Available when using an authoring Data Collector version 4.0.0 or later.

To create a Kudu connection, the Cloudera CDP stage library, streamsets-datacollector-cdp_<version>-lib, must be installed on the selected authoring Data Collector.

Tip: To view the complete list of supported stage libraries, expand the list of libraries next to the Test Connection button when you create or edit a connection.

For a description of the Kudu connection properties, see Kudu Connection Properties.

After you create a Kudu connection, you can use the connection in the following stages:


Engine	Stages
Data Collector 4.0.0 or later	Kudu Lookup processor Kudu destination
Transformer 4.0.0 or later	Kudu origin Kudu destination

Kudu Connection Properties

When creating a Kudu connection, configure the following properties on the Kudu tab:


Kudu Property	Description
6.1 and later Kudu Primary Nodes 6.0 Kudu Masters	Comma-separated list of Kudu primary nodes used to access the Kudu table. For each Kudu primary node, specify the host and port in the following format: `<host>:<port>`

Optionally, configure the following properties on the Advanced tab.

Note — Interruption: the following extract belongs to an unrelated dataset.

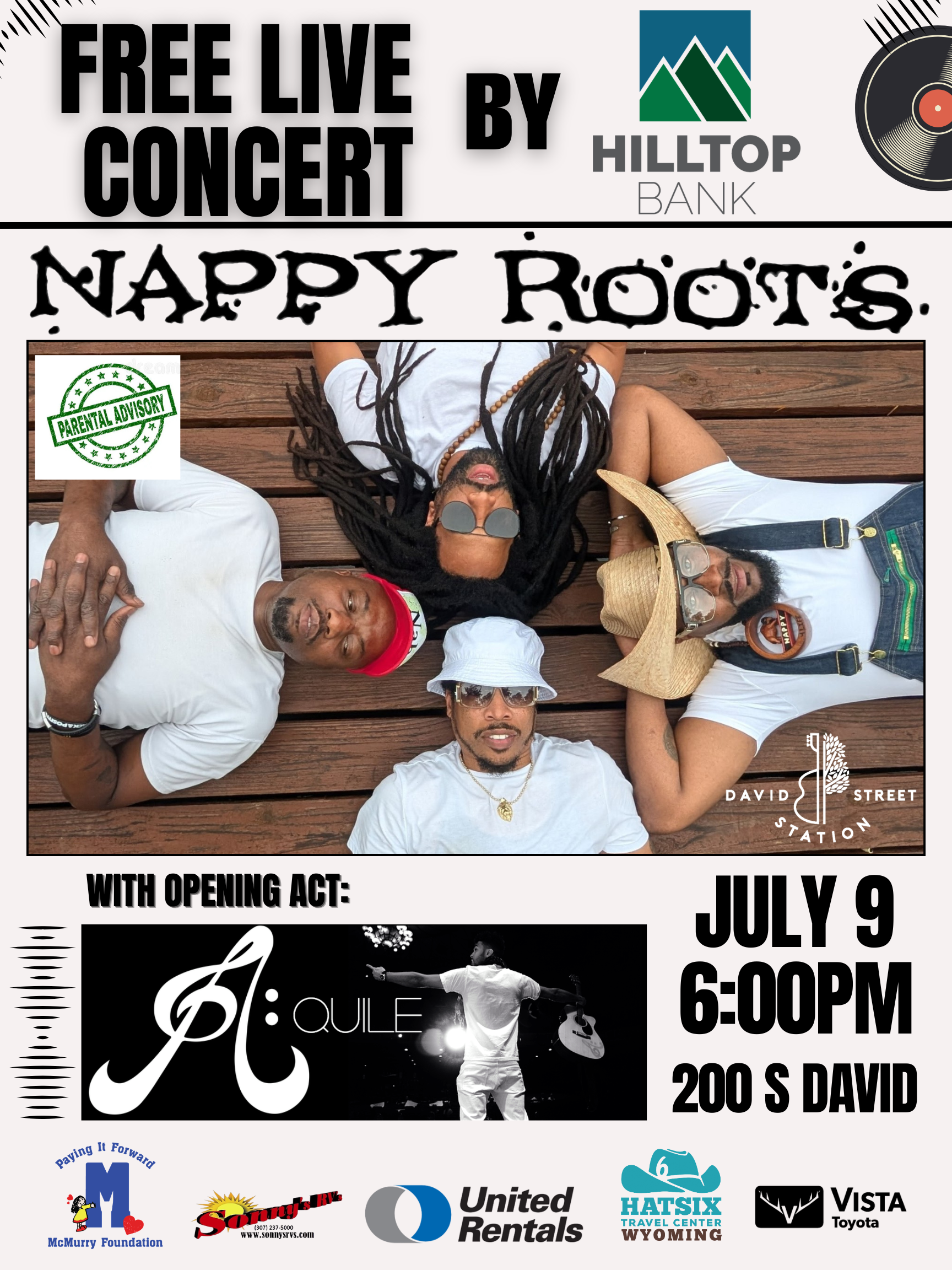 Hilltop Summer Concert-Nappy Roots VIP tickets image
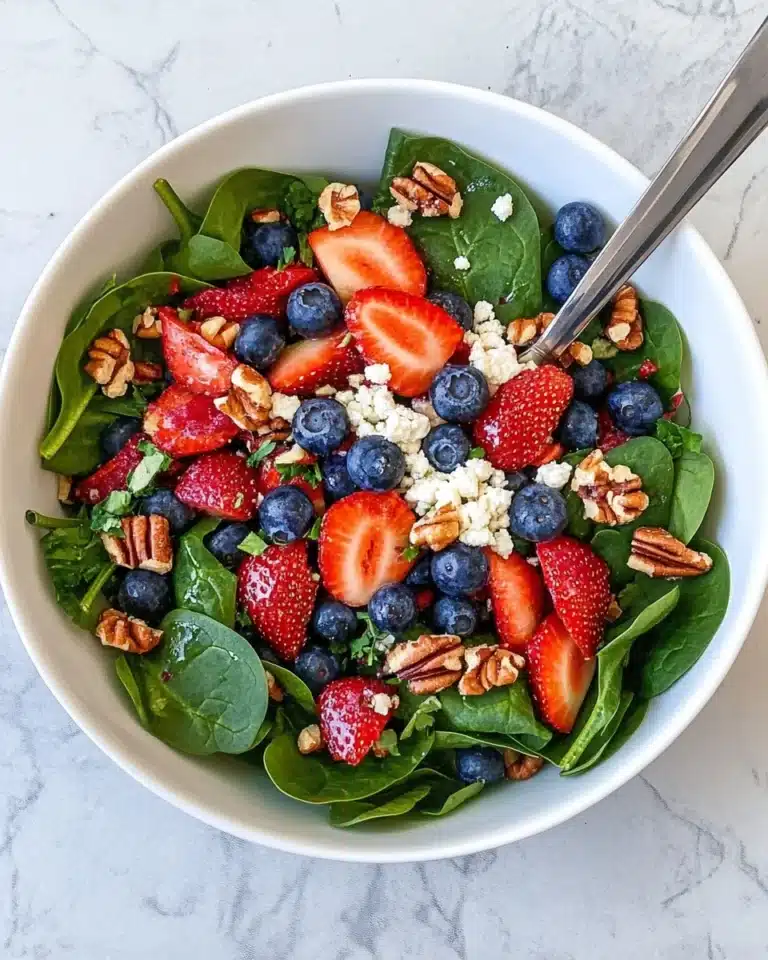 Berry Spinach Salad Recipe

The defaults for these properties should work in most cases:


Advanced Property	Description
Maximum Number of Worker Threads	Maximum number of threads to use to perform processing for the stage. Default is the Kudu default – twice the number of available cores on the processing machine. For a Data Collector pipeline, the processing machine is the Data Collector machine. For a Transformer pipeline, the processing machine is each node in the Spark cluster. Use this property to limit the number of threads that can be used. To use the Kudu default, set to 0. Default is 2.
Operation Timeout (milliseconds)	Number of milliseconds to allow for operations such as writes or lookups. Default is 10000, or 10 seconds. Note: Used in Data Collector pipelines only.
Admin Operation Timeout (milliseconds)	Number of milliseconds to allow for admin-type operations, such as opening a table or getting a table schema. Default is 30000, or 30 seconds. Note: Used in Data Collector pipelines only.